BEGIN The input
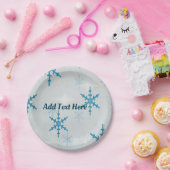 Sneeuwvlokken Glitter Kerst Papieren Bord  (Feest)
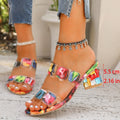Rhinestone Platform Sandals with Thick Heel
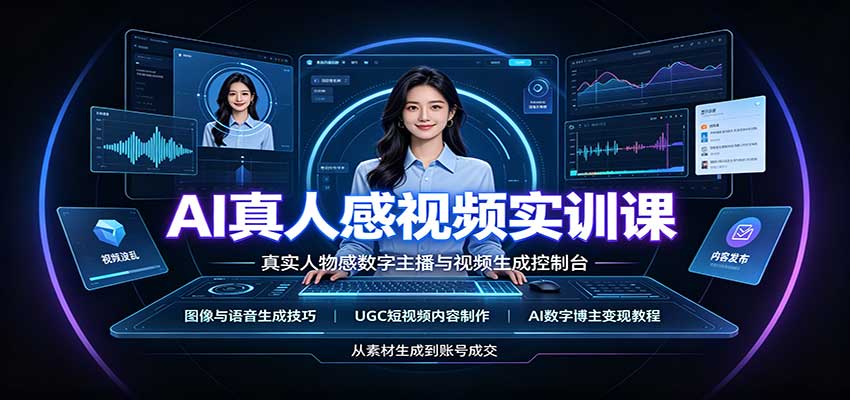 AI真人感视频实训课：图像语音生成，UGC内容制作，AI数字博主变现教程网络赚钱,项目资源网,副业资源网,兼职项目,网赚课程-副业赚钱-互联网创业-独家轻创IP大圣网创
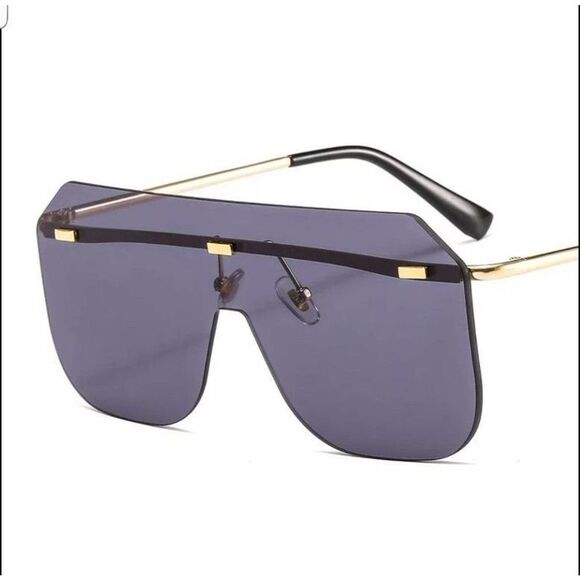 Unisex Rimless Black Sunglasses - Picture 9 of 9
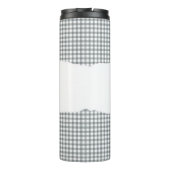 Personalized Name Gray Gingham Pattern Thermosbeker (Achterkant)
END The input
BEGIN The input
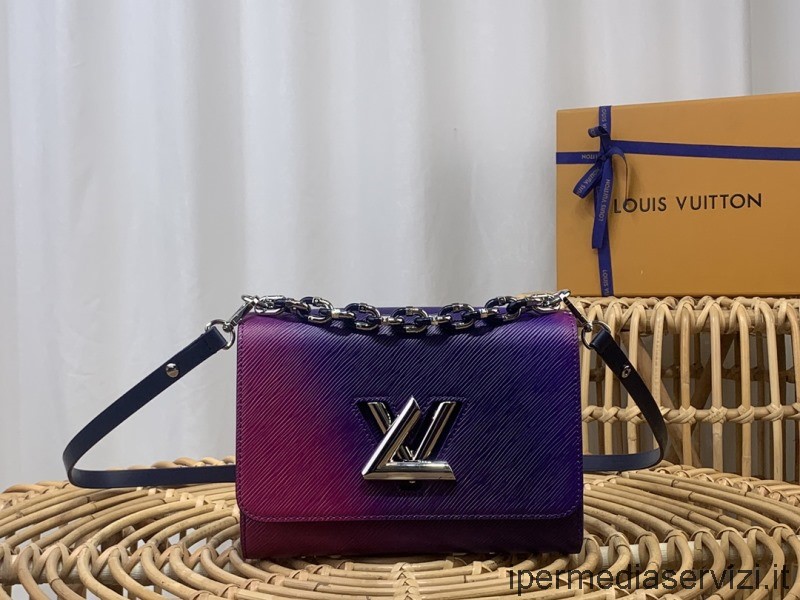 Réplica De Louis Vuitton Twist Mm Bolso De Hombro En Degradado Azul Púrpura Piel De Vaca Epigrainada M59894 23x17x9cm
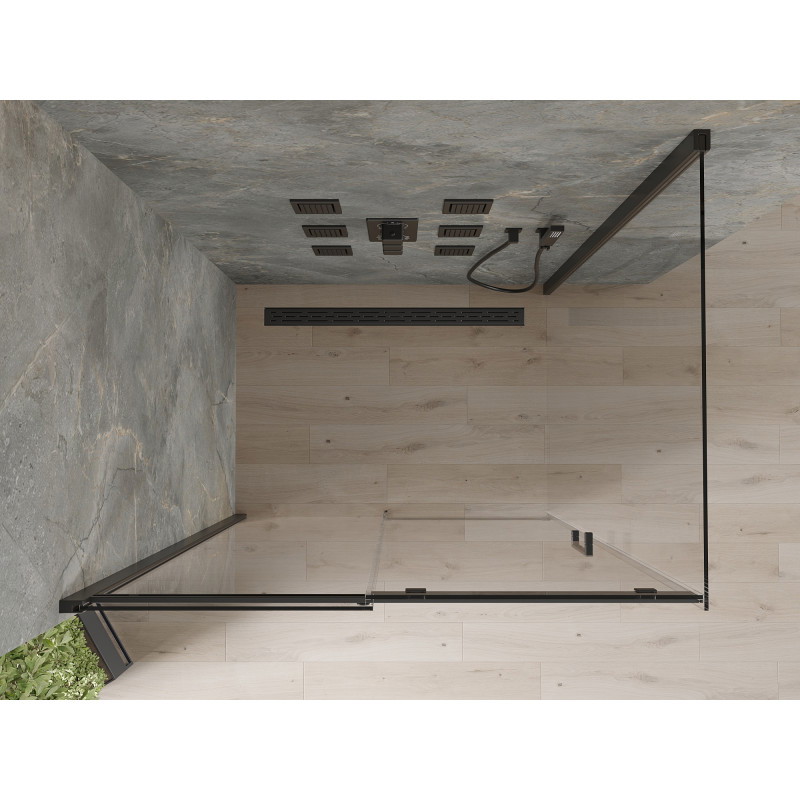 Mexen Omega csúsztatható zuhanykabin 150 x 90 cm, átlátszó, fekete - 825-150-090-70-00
END The input
Work item: What do the entries above read from the line containing "Sneeuwvlokken Glitter Kerst" through the line containing "Personalized Name Gray"? Output those lines exactly, both ends included, with the pictures left out.

Expected answer:
 Sneeuwvlokken Glitter Kerst Papieren Bord  (Feest)
Rhinestone Platform Sandals with Thick Heel
 AI真人感视频实训课：图像语音生成，UGC内容制作，AI数字博主变现教程网络赚钱,项目资源网,副业资源网,兼职项目,网赚课程-副业赚钱-互联网创业-独家轻创IP大圣网创
 Unisex Rimless Black Sunglasses - Picture 9 of 9
 Personalized Name Gray Gingham Pattern Thermosbeker (Achterkant)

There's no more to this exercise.